Six Characters in Search of an Author
Reviewed by Neal Weaver
Archway Studio Theatre
Through July 22
In this 1921 play, the Sicilian Nobel Prize-winning playwright Luigi Pirandello employed meta-theatrics to examine his favorite themes: the differences between perceptions and reality.
In a theatre where a rehearsal is taking place, six mysterious strangers appear. They explain that they are characters created for a play that the author never got round to writing. They are trapped in an eternal present unless they can persuade the theatre director to stage their drama, which is a tale of infidelity, guilt, betrayal, near incest, murder and suicide.

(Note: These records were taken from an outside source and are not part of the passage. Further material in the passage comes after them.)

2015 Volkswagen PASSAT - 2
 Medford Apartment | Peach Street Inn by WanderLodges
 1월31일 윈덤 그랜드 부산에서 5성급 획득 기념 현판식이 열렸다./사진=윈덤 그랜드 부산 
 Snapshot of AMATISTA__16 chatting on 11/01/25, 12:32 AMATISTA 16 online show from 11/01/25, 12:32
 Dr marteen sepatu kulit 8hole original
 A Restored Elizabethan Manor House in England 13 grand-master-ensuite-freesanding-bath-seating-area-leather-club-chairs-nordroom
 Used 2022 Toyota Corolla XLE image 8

Director Steven Sabel has chosen to emphasize the comedy in a work often played as tragedy, and puts increased emphasis on the vanity and egotism of the actors rather than the tragic lives of the six characters they are chosen to play. The attempts at comedy are generally successful, but sometimes at the expense of the grimmer tale of the characters. Sabel has also freely adapted the piece, updating it and adding topical and local references. (The actors are said to be graduates of USC.) But he has been faithful enough to include most of the original text, despite its repetitions.
The six characters include the guilt-ridden Father, who serves as spokesman for the group, played credibly and with fidelity by James J. Fox, though one could wish for a bit more force from him. Melissa Virgo plays the grief-ravaged Mother, whom the Father drove into the arms of a lover. Jessica Barrett Denison lends a touch of manic vengefulness to the Stepdaughter, who is almost seduced by the Father when he encounters her in a brothel. Benjamin Cramer brings intensity to the role of the Son, who is mortified by the airing of the family’s shame and disgrace. And Thomas Velasquez is the silent and brooding younger son, portrayed here as an adolescent rather than as a child. (The sixth character is played as a silent babe-in-arms.)
The actors in the theatre company (Bill Bingham, Angela Dobson Robbins, Bree Wernicke, and Masi Hasher) are interpreted broadly (and predictably) as egocentric poseurs and hams. And they are a clamorous presence onstage. The arrogant and bossy director (Carol Vandegrift) strives to make the messy story of the characters’ lives conform to the orderly stereotypes and traditions of the theatre.
Sabel’s production seems a bit perverse and harum-scarum, but it does unleash some of the emotional potential of the material, which has not been apparent in other more finished recent productions.
Archway Studio Theatre, 10509 Burbank Blvd., Los Angeles. Fri.-Sat., 8 p.m.; Sun., 2 p.m.; (818) 980-7529. Running time: two hours and 5 minutes, with one 15-minute intermission.
Note: Many of the actors alternate in their roles, so the casting varies from night to night.